That's not surprising. They could use the influx of cash and they've rebranded everything under the Audacy umbrella anyway. The $2.5-million starting point might be what they paid for it when the original radio.com owners sold it.
 
That's not surprising. They could use the influx of cash and they've rebranded everything under the Audacy umbrella anyway. The $2.5-million starting point might be what they paid for it when the original radio.com owners sold it.
What possible value does a domain that is called "radio" have today when traditional radio is in decline and stations are trying to transition to new media?

Anyway, $2.5 million is petty cash for Audacy. It will not help their debt issues at all.
 
What possible value does a domain that is called "radio" have today when traditional radio is in decline and stations are trying to transition to new media?

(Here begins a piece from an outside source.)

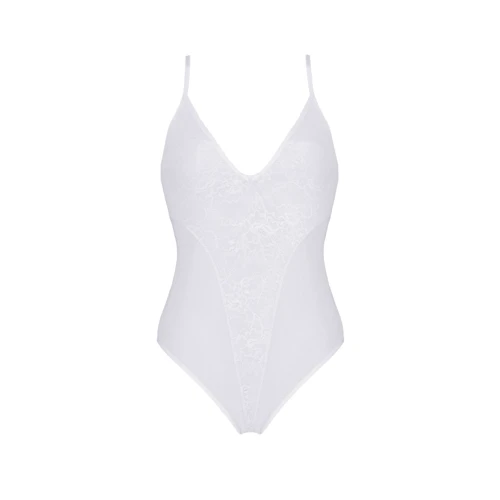 Боді Passion Ursula Body white S/M, з ажурним декором та відкритим кроком: Для кого Для женщин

Anyway, $2.5 million is petty cash for Audacy. It will not help their debt issues at all.
It's better for stockholders to see than a $2.5-million write-off. At least it shows they're trying. Whether there are buyers out there who value the domain name that highly is another question. It could have that much value in areas where radio is still a primary source of news and entertainment. It might actually be a good fit for Townsquare and their strategy of becoming the primary local media is a lot of small markets. There are other smaller groups out there who might be willing to pay for the name.
 
It’s just David Field, who is panicking to keep his job.

You own a radio company, and that’s where the revenue comes from. So what do you do? Ban the term “radio.”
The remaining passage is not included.